Take a look at how FT's are done with OpenCV, [here](https://docs.opencv.org/3.0-beta/doc/py_tutorials/py_imgproc/py_transforms/py_fourier_transform/py_fourier_transform.html)

### Edge Handling
Kernel convolution relies on centering a pixel and looking at it's surrounding neighbors. So, what do you do if there are no surrounding pixels like on an image corner or edge? Well, there are a number of ways to process the edges, which are listed below. It’s most common to use padding, cropping, or extension. In extension, the border pixels of an image are copied and extended far enough to result in a filtered image of the same size as the original image.

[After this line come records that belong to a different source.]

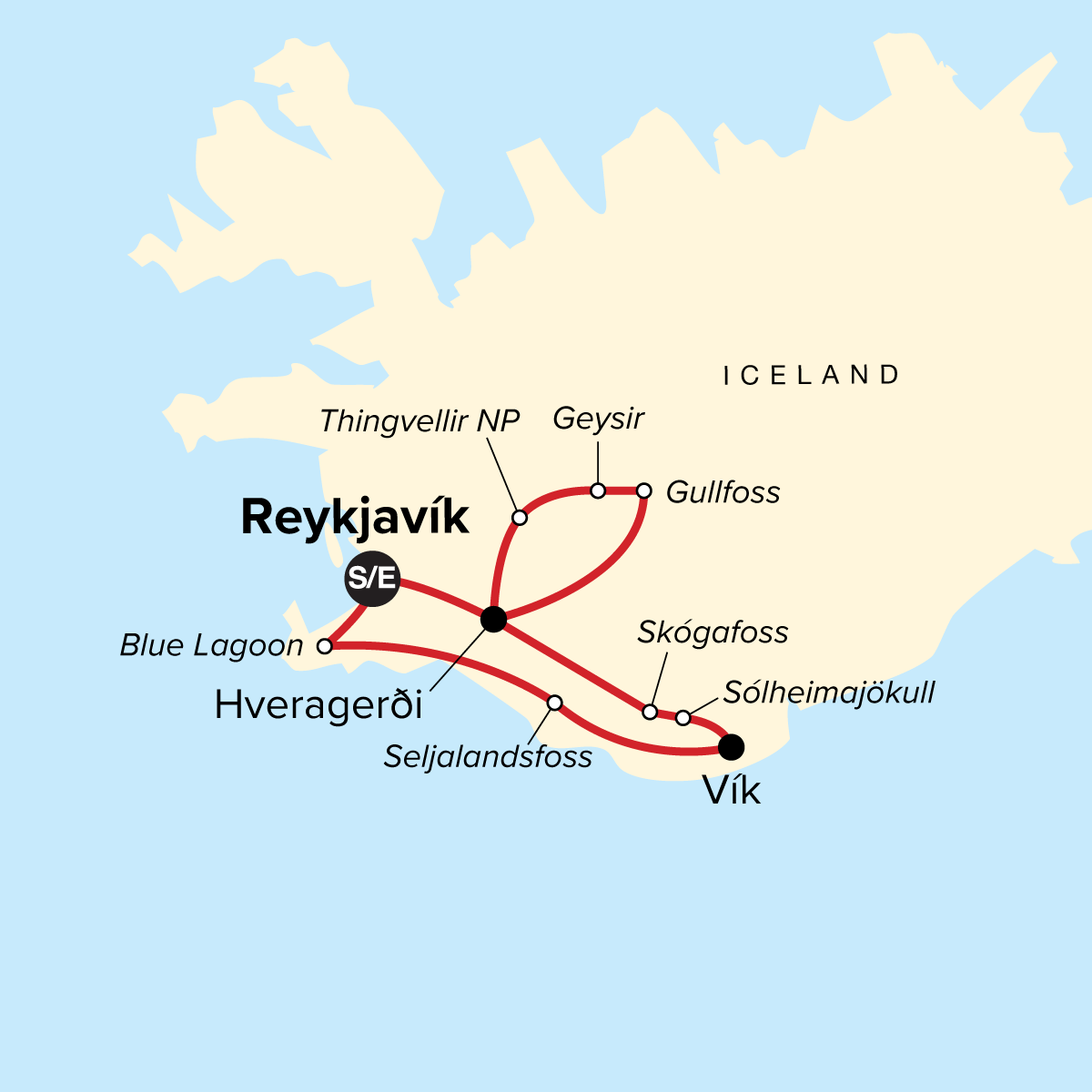 map_icelandfamilyjourneygeysersglaciersandfjords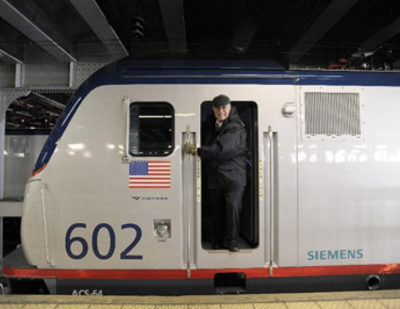 Siemens to Design and Build New Static Frequency Converter for Amtrak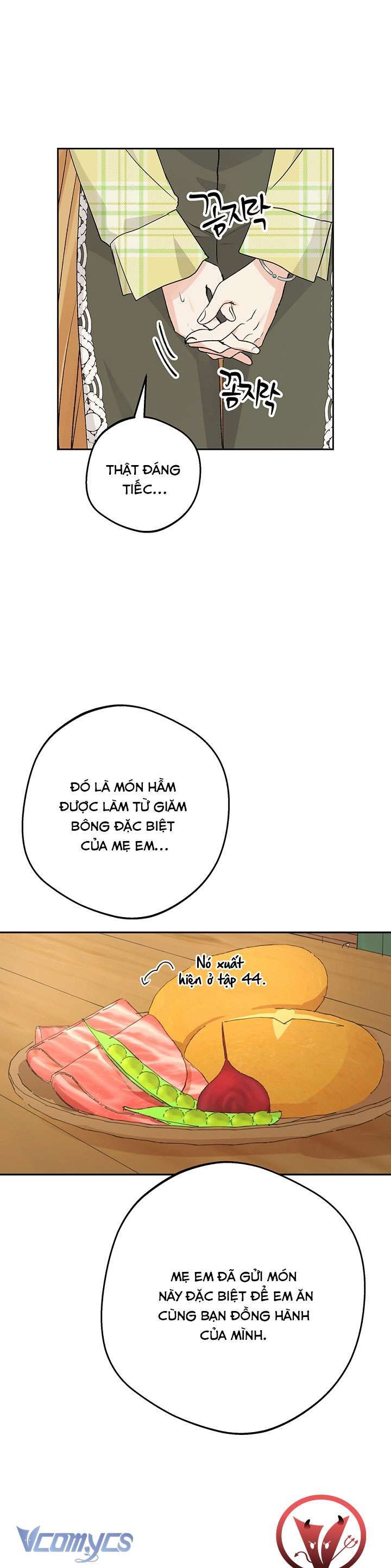 đọc truyện Người Tình Của Yêu Tinh Chương 50 ảnh 19 tại Thiên Thai Truyện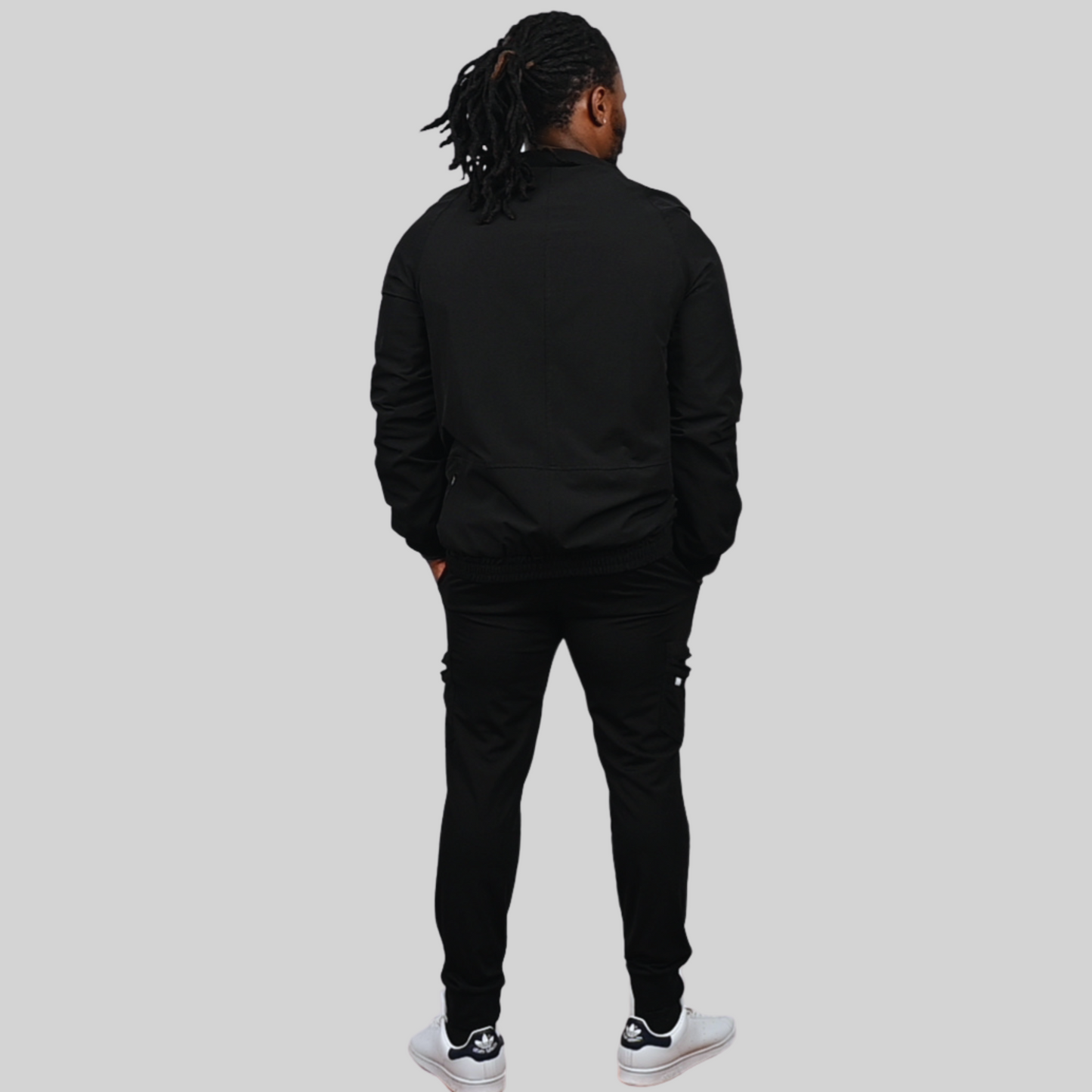 Unisex Scrub Jackets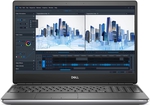 Dell Precision 7560 — рабочая станция для мощной работы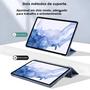 Imagem de Capa Protetora Samsung Galaxy Tab A7/A8/A9/S6 Lite/P610/P615 (8.7"/10.5"/11") - Case PU Inteligente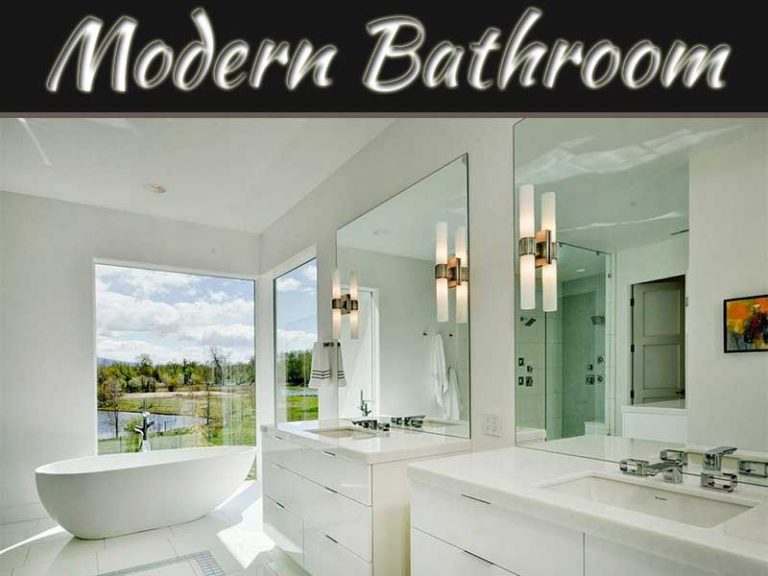 Ultra Modern Bathroom Decor Ideas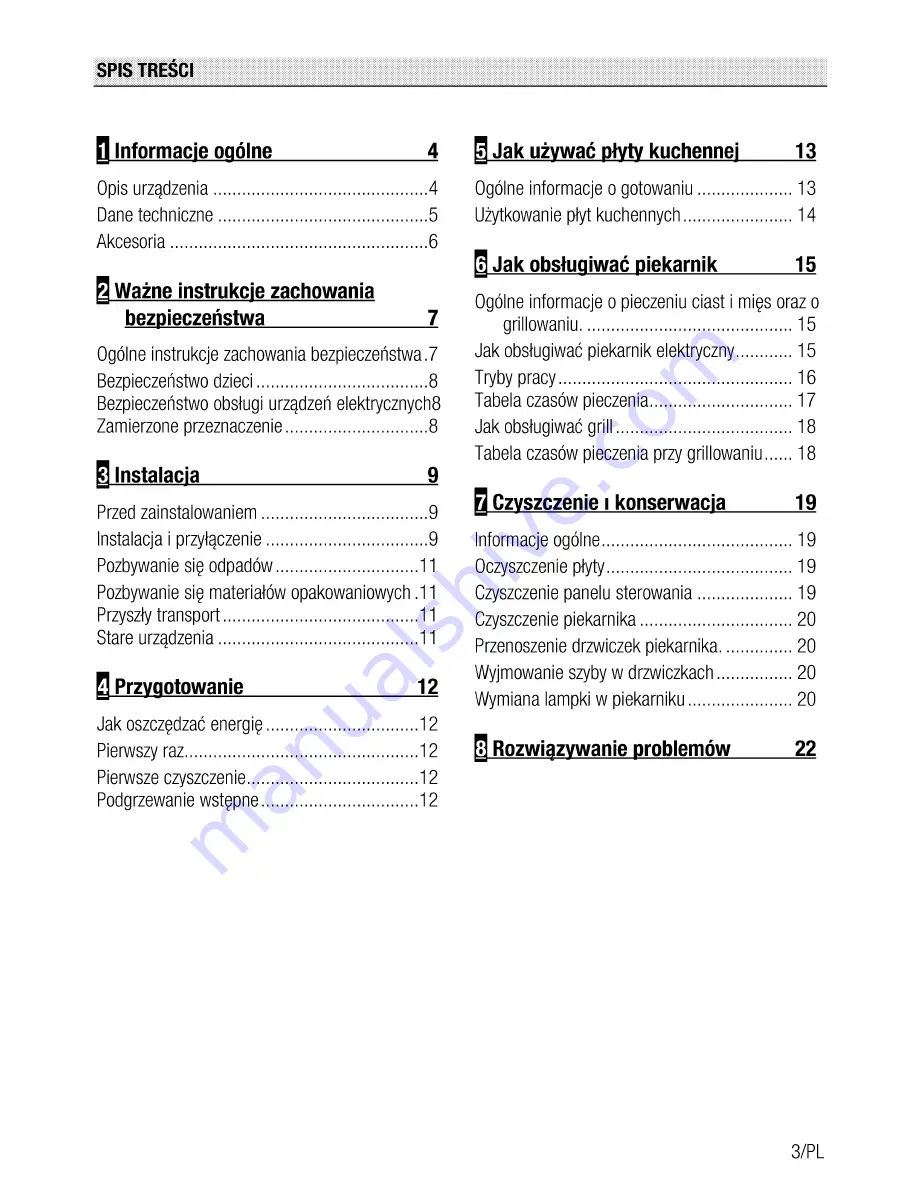 Beko CSM 57000 G User Manual Download Page 25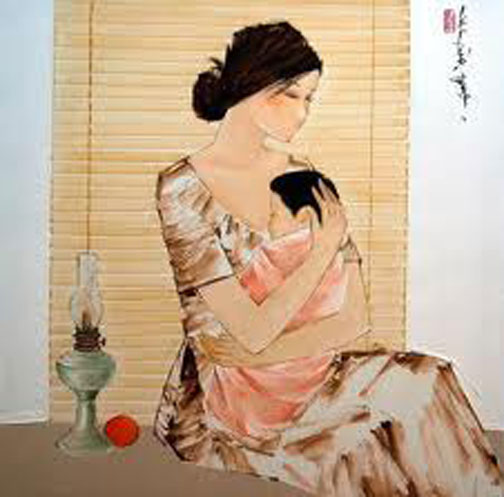 Làm mẹ - truyện ngắn của VŨ THỊ HUYỀN TRANG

__Extend__ The nearest border pixels are conceptually extended as far as necessary to provide values for the convolution. Corner pixels are extended in 90° wedges. Other edge pixels are extended in lines.

__Padding__ The image is padded with a border of 0's, black pixels.

__Crop__ Any pixel in the output image which would require values from beyond the edge is skipped. This method can result in the output image being slightly smaller, with the edges having been cropped.